Ondanks dat Abraham wordt geprezen vanwege zijn geloof en gehoorzaamheid zie je hem soms ook het heft in eigen handen nemen. Hij vertrekt uit Ur met zijn neef Lot (hij verlaat dus niet zijn hele familie, maar neemt een potentiële erfgenaam mee). Als het erg lang duurt voordat zijn vrouw Sara zwanger wordt, verwekt hij Ismaël bij haar slavin Hagar. En als ze in Egypte en later in Gerar komen, zegt hij beide keren dat Sara zijn zus is, omdat hij bang is dat hij anders vermoord zal worden…

Hij heeft kennelijk een leven lang nodig om echt te leren vertrouwen dat God zijn beloften nakomt! Maar als God hem vraagt zijn zoon Isaak te offeren, blijkt hoeveel Abraham heeft geleerd. Hij is bereid zijn zoon te offeren, en doet hierbij de profetische uitspraak: ‘God zal voorzien.’ En dat doet God. Abraham offert niet zijn zoon, maar een ram.

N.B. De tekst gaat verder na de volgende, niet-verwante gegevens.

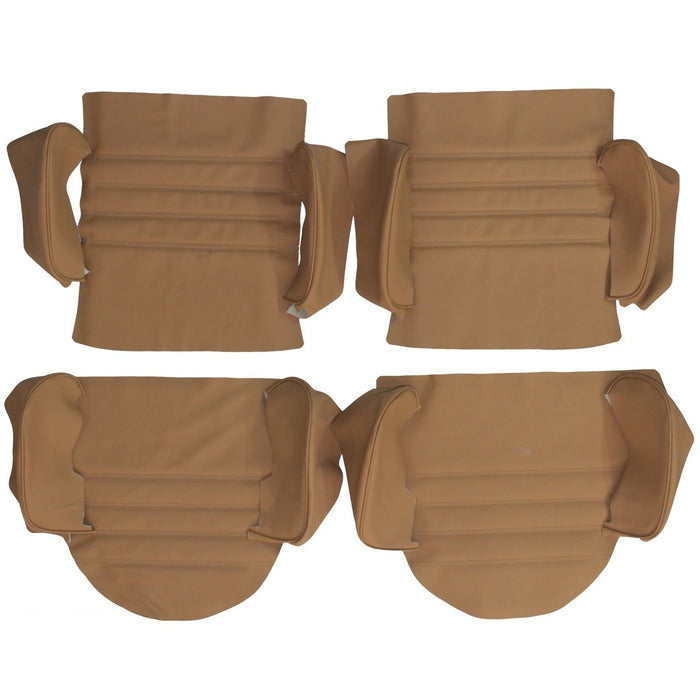 1976-1984 Porsche 911 Carrera Custom Real Leather Seat Covers (Rear)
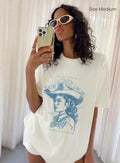 Cowboy Like Retro Western Cowgirl Unisex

Christenen lezen hierin een verwijzing naar wat later zal gebeuren, als God zijn eigen Zoon wel offert, als een Lam, om heel de mensheid te kunnen redden.

Abraham wordt als geloofsheld genoemd in Hebreeën 11: God ziet hem als rechtvaardig, omdat hij heeft vertrouwd op Gods belofte. Abraham wordt als geestelijk vader gezien van joden, christenen en moslims (de drie abrahamitische religies). Uit de beloofde Isaak kwam uiteindelijk het volk van Israël voort, uit Ismaël kwamen de Arabische volken voort.

Veel mensen die vervolgd worden vanwege hun geloof verlaten huis en haard om God te kunnen blijven dienen. Zou jij genoeg geloof en voldoende moed hebben om alles in de steek te laten, als God dat van je vroeg?